The SAIRLA-supported AFRINT IV project has been collecting data on agricultural intensification from 23 farming communities in seven regions in Malawi, Tanzania and Zambia since 2008. Policies in all countries have a strong focus on maize intensification and also target women as recipients of subsidised farm inputs. During this time, data on maize shows that only in the Zambian region has there been a sustained increase in yields, but this has been tied to a persistent gender gap. In the other two countries, yields have been stagnant. In the case of Malawi this is explained by poverty, land fragmentation and a gradual depletion of natural resources. In the case of Tanzania, withdrawal of subsidy schemes for maize in combination with new commercial opportunities in rice and tree crops appear to be changing land use patterns.

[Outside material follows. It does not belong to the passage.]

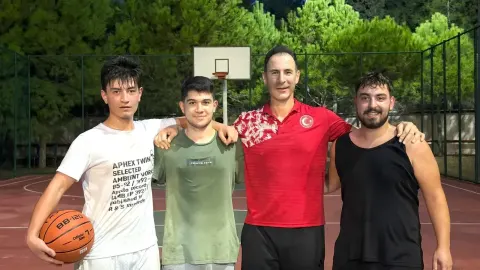 Mersin’de gençlerle spor dolu buluşma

Despite these differences, women are united by some common characteristics: generally women experience mobility constraints as a result of domestic chores and socially restrictive norms. Moreover, the condition for co-financing to access subsidies disadvantages poorer households – many of which are headed by women. Finally, women’s access to labour is limited, both that of men in particular, but also the drudgery of their own domestic tasks and care burdens imposes restrictions on their time. The seasonality of smallholder agriculture means that the effects of these shortages on intensification are aggravated.
Policies need to redress all of these aspects, for instance through rural electrification and expanding basic healthcare for children, encouraging small scale enterprises among women and gender sensitisation campaigns that involve men as well as women.